I don’t know many economists, liberal or conservative, who view this prospect with equanimity. The CBO certainly doesn’t; its report states that “Although deficits during or shortly after a recession generally hasten economic recovery, persistent deficits and continually mounting debt would have ... negative economic consequences for the United States”—among them, reduced investment, output, and incomes; less room for maneuver when the next economic crisis erupts; and worst of all higher probability that investors would eventually lose confidence in our country’s creditworthiness and demand much higher interest rates.
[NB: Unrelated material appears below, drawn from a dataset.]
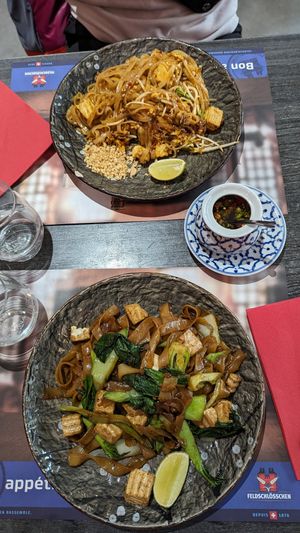 Vegan pad see ew and vegetarian pad Thai (with egg). at Les Amis Asia Dinner in Geneva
While no one can predict when that “tipping point” might occur, the report notes that as the global economic recovery gathers strength, investors will be less inclined to purchase U.S. government debt as a safe haven and will focus instead on its rising risks.
What should we do? Answer: Use the tax compromise struck during the lame-duck session of the 111th Congress as a two-year window to get our house in order. By the time that legislation expires, we should agree on a long-term plan that halts and then reverses our downward fiscal plunge. How should we do it? A number of high-level commissions have come to roughly the same conclusion: We need a grand bargain that deals structurally with both spending and our outdated tax code. Can we do it? Yes, because we’ve done it before—in the 1990s, to be precise, starting with the bipartisan budget deal that may have cost George H. W. Bush a second presidential term, continuing with Bill Clinton’s brave 1993 austerity budget, and concluding with an agreement between the Clinton administration and the Gingrich-led House Republicans.
Let’s look at a snapshot of the eight Clinton years (all numbers expressed as a percentage of GDP).
1993 2000
Total spending 21.4 18.2
Domestic discretionary 3.4 3.0
Deficit 3.9 -2.4 (surplus)
Debt held by the public 49.3 34.7
During the Clinton years, spending of all kinds declined as a share of GDP, deficits turned into surpluses, and debt held by the public barely budged: $3.2 trillion at the beginning, $3.4 at the end. During the Bush years, by contrast, every form of spending increased substantially, surpluses turned into deficits, and debt held by the public almost doubled, from $3.3 to $5.8 trillion.
The experience of the Clinton years contradicts a standard Republican talking point: increased revenues aren’t always spent. The Clinton administration used the proceeds from a higher top marginal tax rate to reduce the deficit. And those rates didn’t exactly suppress economic growth or job generation either.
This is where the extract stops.